===== Recorded information =====
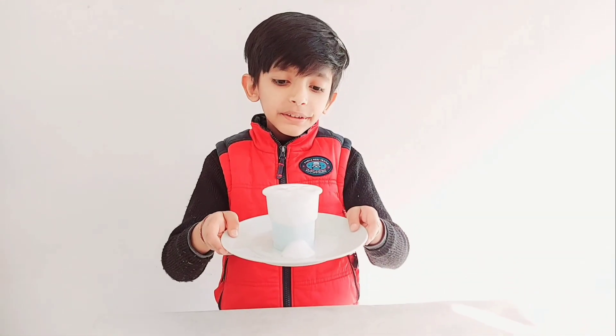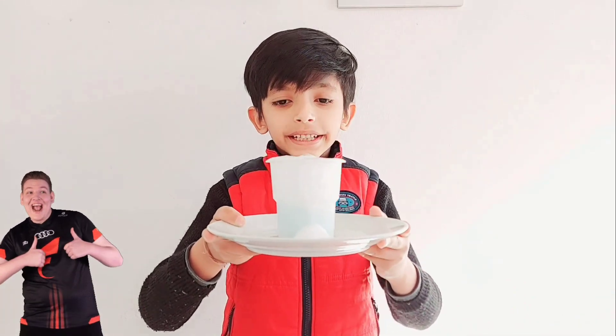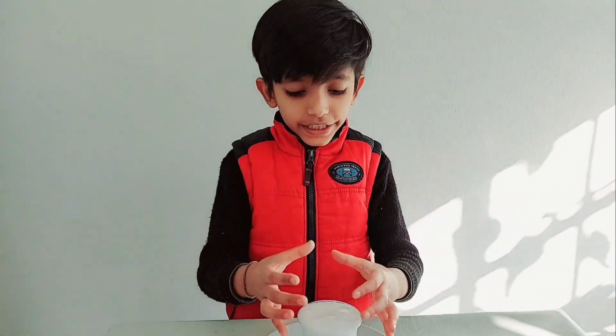We put the shampoo and a half glass of water. So when you mix it together, it came up like a volcano.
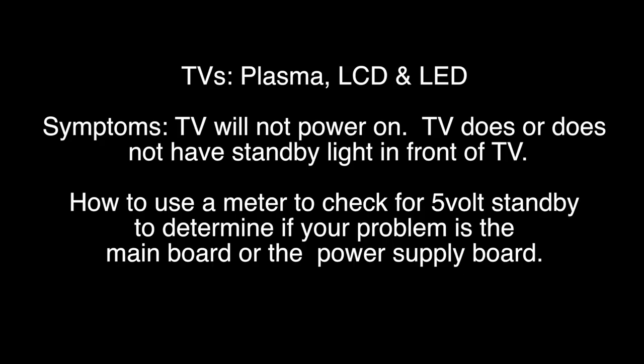This testing is a great place to start for troubleshooting these symptoms. In some rare cases, if you do have standby and your TV will not power on, the problem could also be a component on the power supply board. However, to start troubleshooting, it is recommended to replace the main board first.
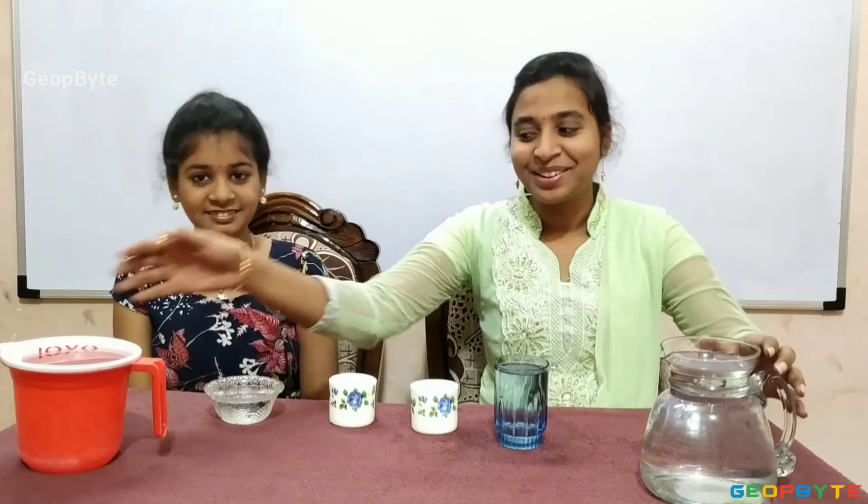Hey kids, there is a small activity for you. Try to fill the kitchen vessels like jug, mug, glass, bowl with water using a cup and count the number of cups at your home. Now, we have completely understood the topic: Fun in filling vessels.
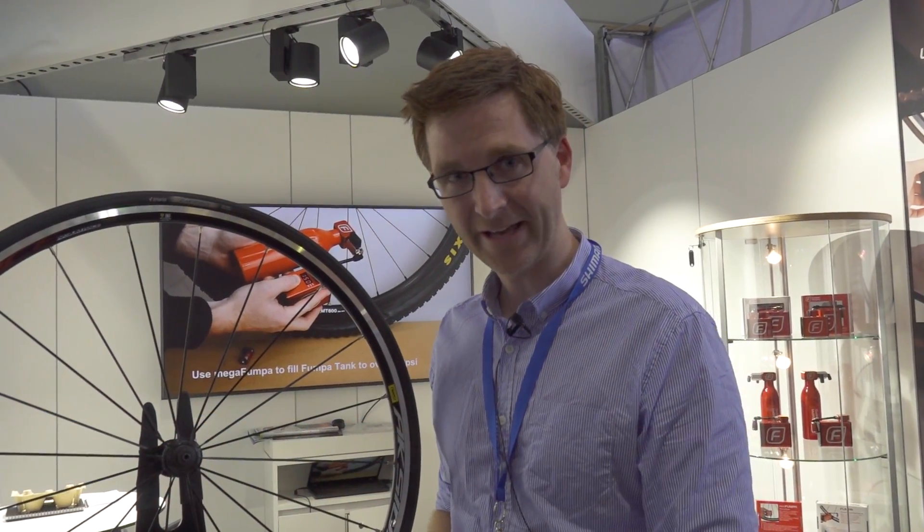Hi, I'm Byron. I'm Chief Engineer of Fumper Pumps. I'm going to show you today how our product works.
=====
The task
Exact lines, nothing more: output the one with "Hey kids, there" and every later line through the end of the data, skipping pictures.

Result of this task
Hey kids, there is a small activity for you. Try to fill the kitchen vessels like jug, mug, glass, bowl with water using a cup and count the number of cups at your home. Now, we have completely understood the topic: Fun in filling vessels.
Hi, I'm Byron. I'm Chief Engineer of Fumper Pumps. I'm going to show you today how our product works.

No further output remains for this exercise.